Beija-Flor choca e Salgueiro emociona em 2ª noite de desfiles no Rio

Publicado em 13/02/2018 por Folha de S. Paulo Online

A Beija-Flor veio para chocar e provocou a resposta que queria da avenida ao encerrar o segundo dia de desfiles do Grupo Especial das escolas de samba do Rio, na madrugada desta terça-feira (13).

A agremiação de Nilópolis saiu ovacionada pelo público, que seguiu cantando o samba após o fim do desfile e arrancou aplausos até de um grupo de jurados, com um enredo que teceu críticas à corrupção no Brasil.

No entanto, deixou para trás a tradição de fantasias luxuosas e bem acabadas, dando lugar a trapos, farrapos e crianças dentro de caixões em alegorias de estética duvidosa.

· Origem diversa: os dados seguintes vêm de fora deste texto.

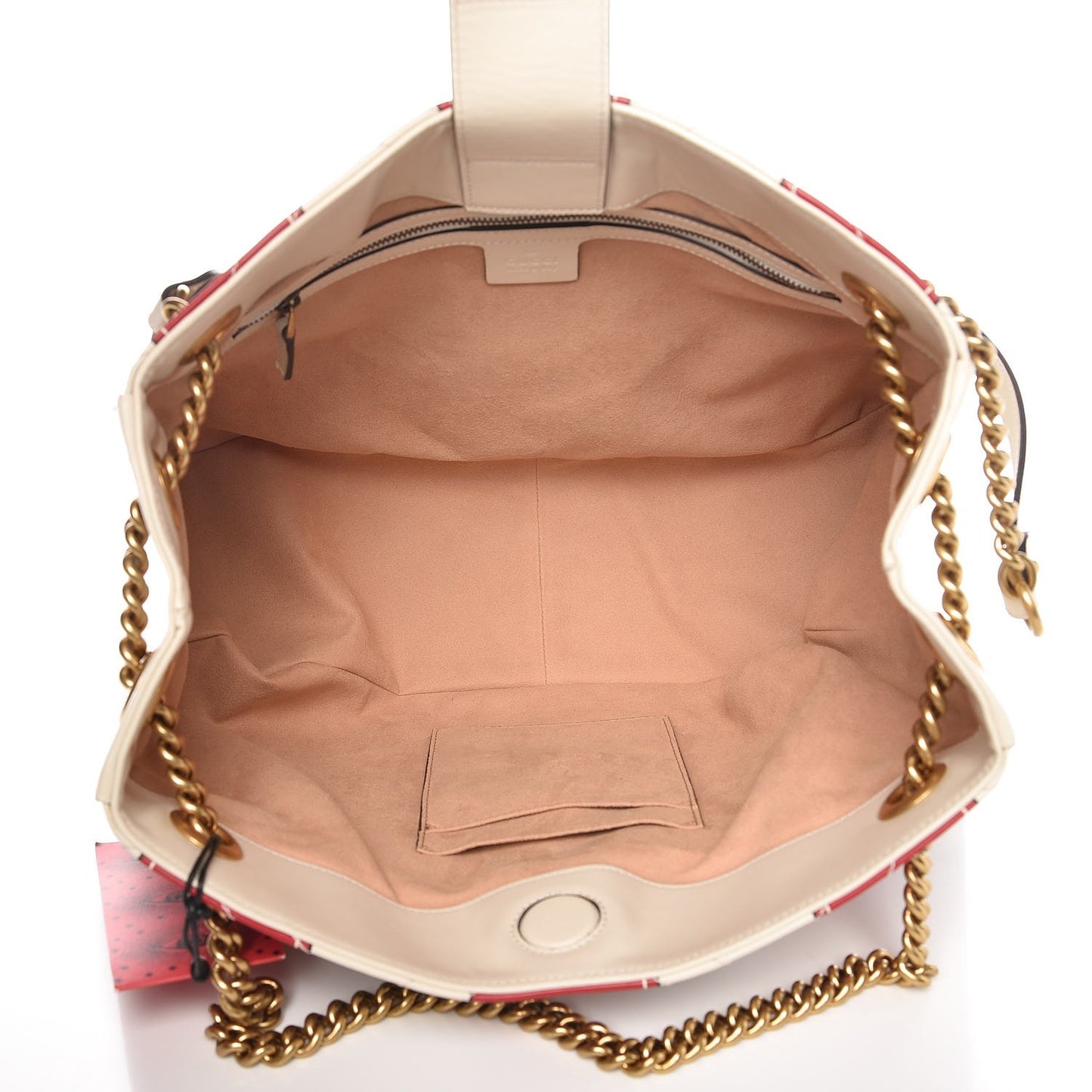 Calfskin Matelasse Trompe L'Oeil Print Medium GG Marmont Shoulder Tote Mystic White Hibiscus Red Marine Giallo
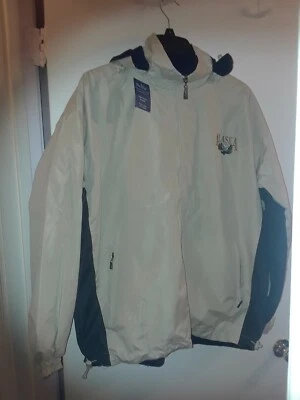 Women's Jacket w/zip off hood-- Reversible (Navy/Tan); SZ L; new w/tags - Image 1 of 4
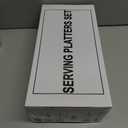 YHOSSEUN Halloween Serving Platters Set of 4, Black and White Serving Platters and Trays for Food, Rectangular Long Plates Serving Dishes for Entertaining, Checkered, 14 Inch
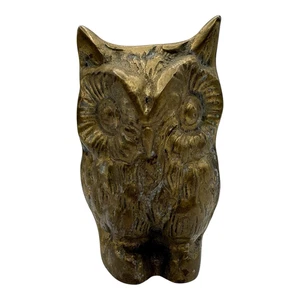 Heavy Detailed Brass Owl Figurine Statue Paperweight 4" Natural Patina Vintage - Picture 1 of 17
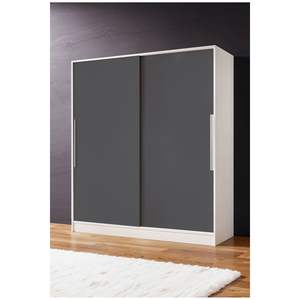 Armoire coulissante moderne autoportante à 2 portes gris foncé avec penderie pliante et tiroirs pour petits espaces et hôtels - Product Image 6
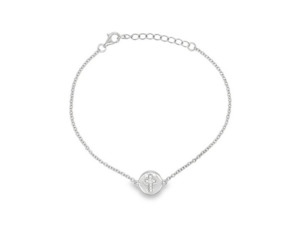 Baby Jewellery: Ollie CZ Cross Bracelet Silver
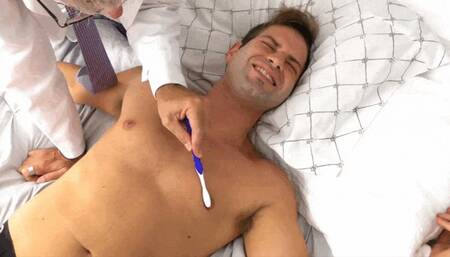 Creepy Doctor's Covid Tickling Test in Bondage - Nicky Rebel - Richard Lennox - Manpuppy - WMV 720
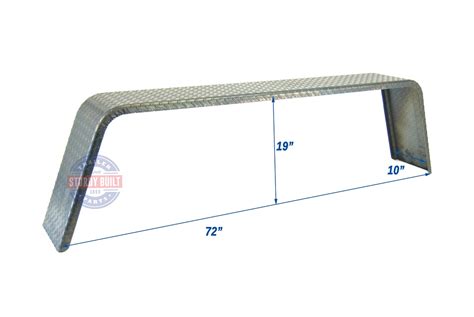 Tandem Axle Steel Diamond Plate Trailer Fender 10 Inch X 72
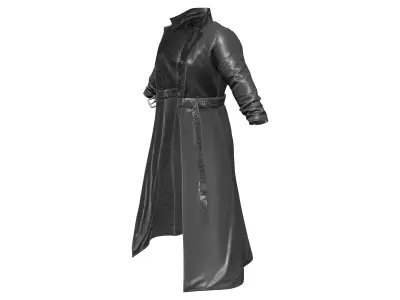 Men Long Casual Urban Street Agent Coat Low-poly 3D model
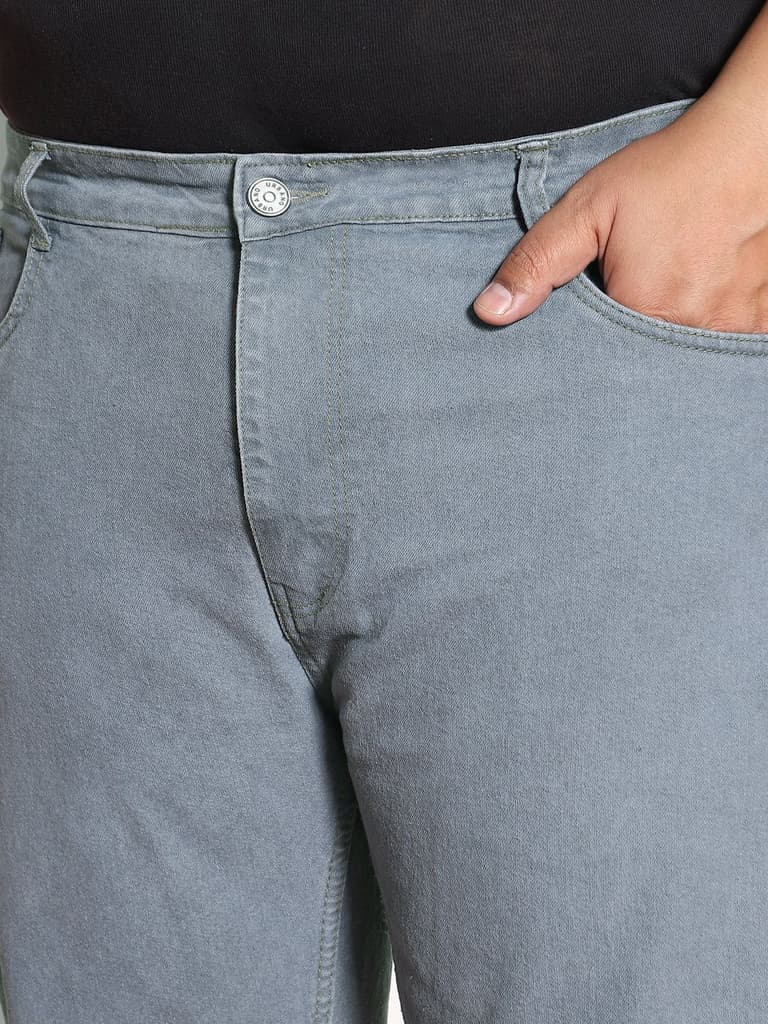 Plus Men's Light Grey Regular Fit Denim Jeans Stretchable — photo 6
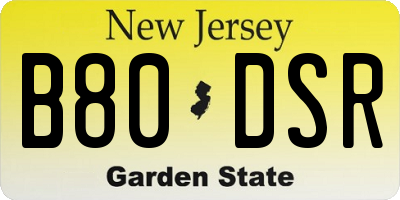 NJ license plate B80DSR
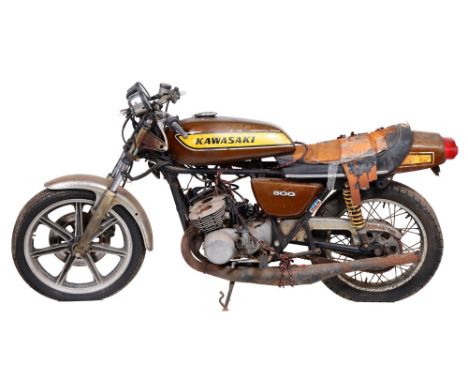 1975 Kawasaki H1F Mach III 500cc, registration No. unknown, swing arm frame, frame No. unknown, two stroke, three cylinders, 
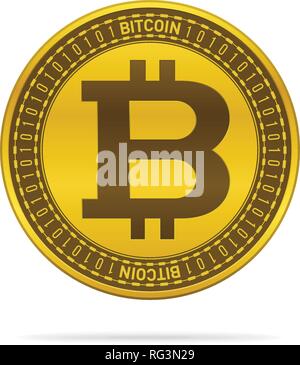 Gold colored bitcoin on white background. Currency icon design. Stock Vector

Seguindo a tradição de executar bem enredos com temática africana, Salgueiro também se destacou e agradou a plateia ao contar a trajetória de líderes negras. 

Veja aqui a cobertura em tempo real do 2º dia de desfiles

A Beija-Flor fez uma série de críticas políticas, num paralelo entre o romance de terror Frankenstein (1818), da Mary Shelley, que completa 200 anos em 2018, com o momento vivido pelo Brasil.

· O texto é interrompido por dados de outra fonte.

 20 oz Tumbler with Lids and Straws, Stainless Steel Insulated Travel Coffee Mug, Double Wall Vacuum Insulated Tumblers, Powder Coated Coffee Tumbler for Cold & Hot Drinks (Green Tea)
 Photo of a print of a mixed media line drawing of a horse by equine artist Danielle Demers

Os temas escolhidos pela Beija-Flor foram desde corrupção, com um carro que representava o Congresso Nacional e repressão nas favelas, a liberdade sexual com a cantora Pabllo Vittar como destaque.

A União da Ilha diferenciou sua bateria "40 Graus" das demais com levada funk que levantou a arquibancada da Sapucaí.

Esse destaque pode ter sido o diferencial para garantir uma vaga da escola no desfile das campeãs no próximo sábado (17).

Atual campeã do Carnaval, a Portela deixou a desejar. A paixão dos componentes e integrantes pela azul e branca de Madureira não contagiou as arquibancadas. A escola fez um desfile de fácil assimilação e bonito, mas o samba não pegou.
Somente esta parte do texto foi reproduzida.